# Captioned web images:
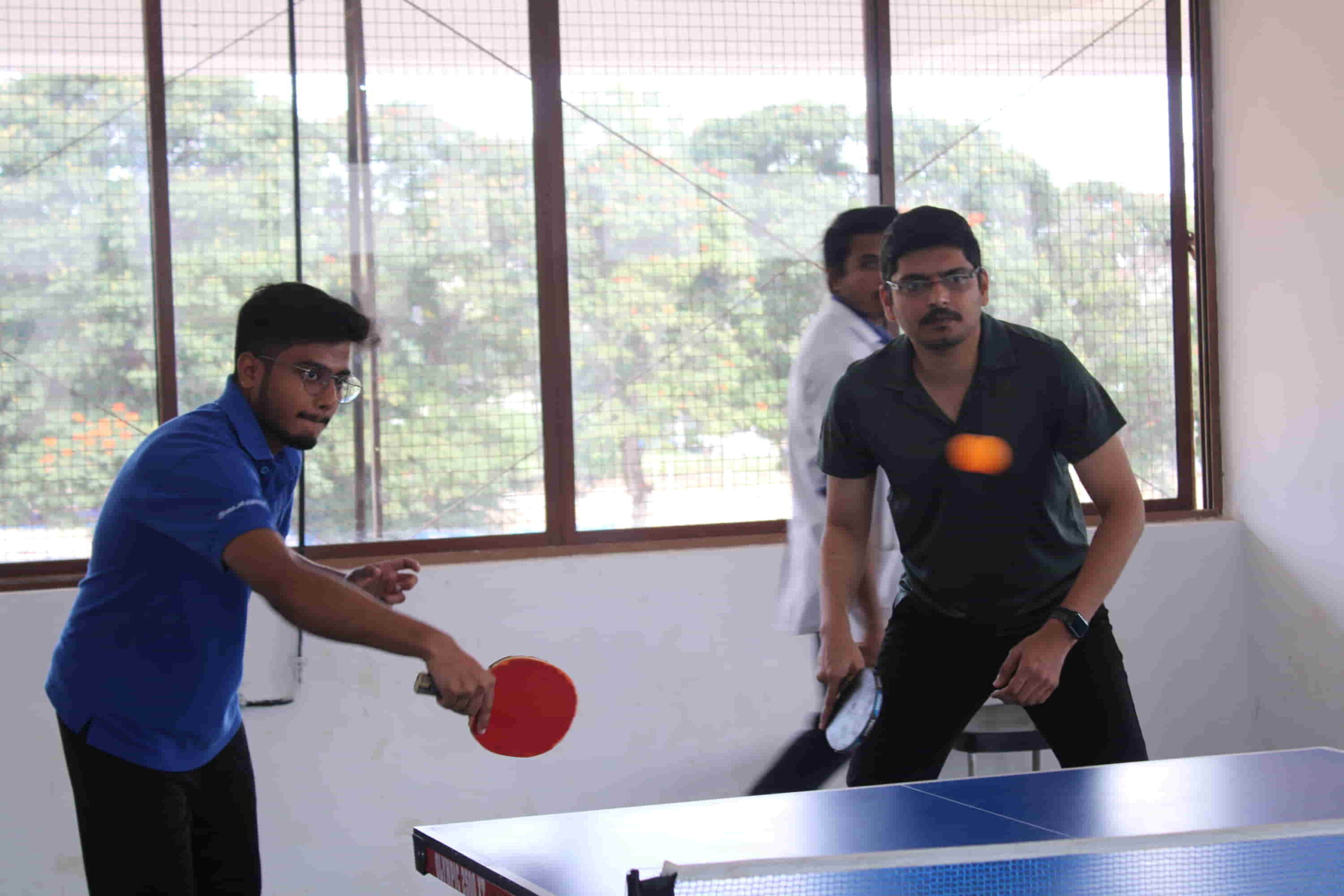 Vydehi Group of Institutions Indoor Sports Block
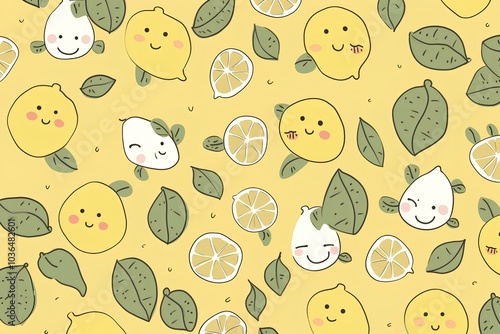 seamless pattern with eggs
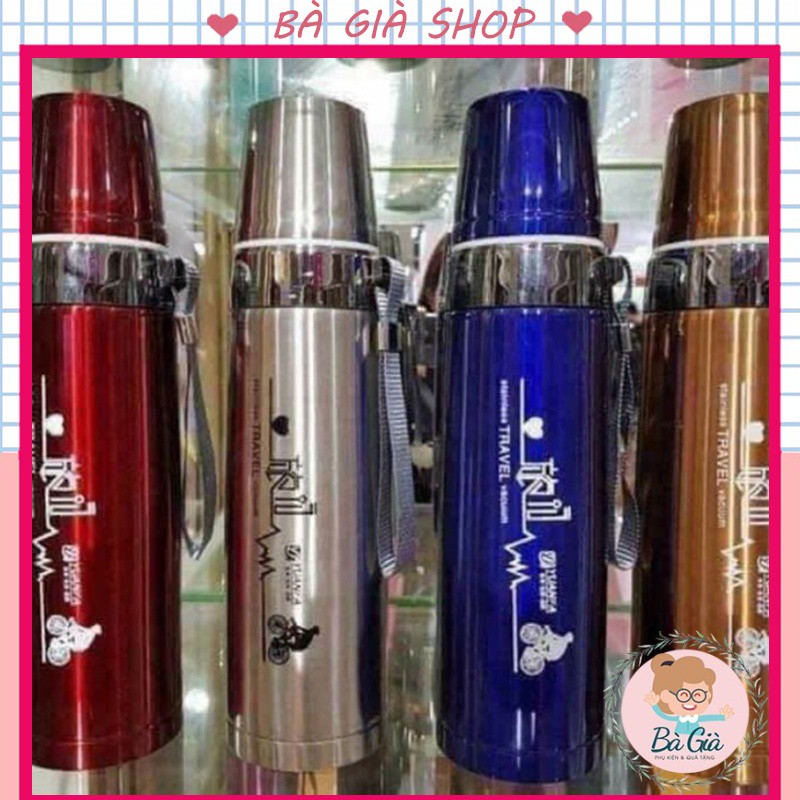 Bình Giữ Nhiệt An Toàn Inbox 304 không Rỉ Dung Tích 800ml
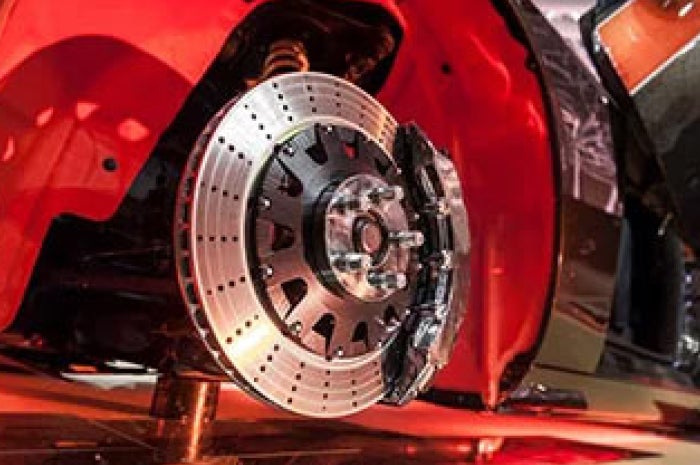 Front or Rear Brake Pad Replacement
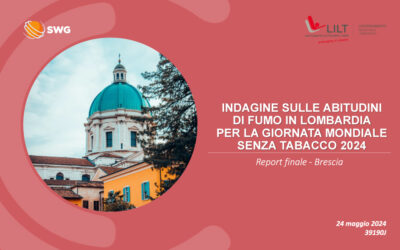 Il fumo nella nostra provincia, i dati statistici.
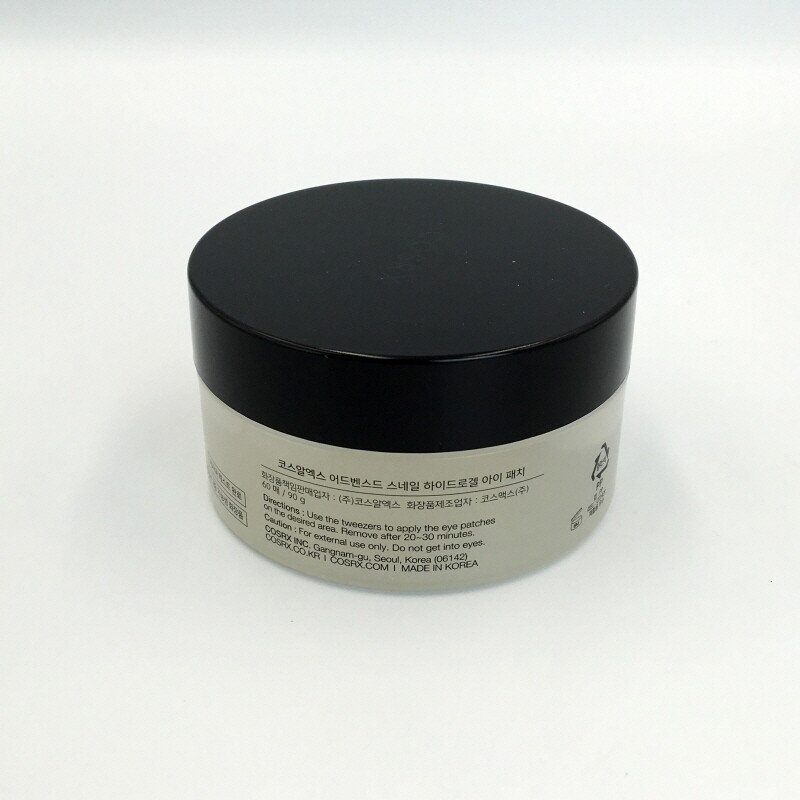 [COSRX] tiên tiến ốc Hydrogel miếng che mắt 60ea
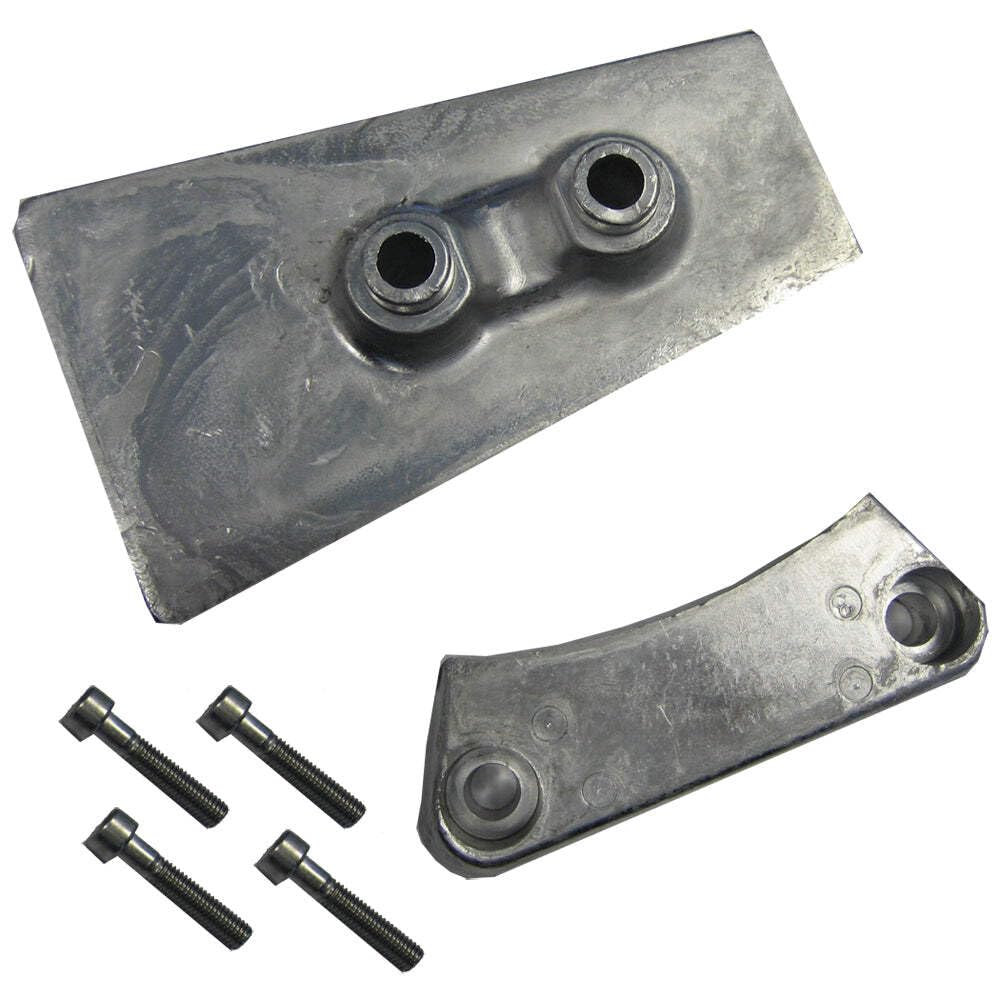 Tecnoseal Anode Kit - Volvo Dph/Dpr - Aluminum,WBAUVB00VM4YXY2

# Work instructions:
Exactness is what counts here: copy each entry as given and omit its pictures.

# Exercise answer:
 Vydehi Group of Institutions Indoor Sports Block
 seamless pattern with eggs
 Bình Giữ Nhiệt An Toàn Inbox 304 không Rỉ Dung Tích 800ml
 Front or Rear Brake Pad Replacement
 Il fumo nella nostra provincia, i dati statistici.
 [COSRX] tiên tiến ốc Hydrogel miếng che mắt 60ea
 Tecnoseal Anode Kit - Volvo Dph/Dpr - Aluminum,WBAUVB00VM4YXY2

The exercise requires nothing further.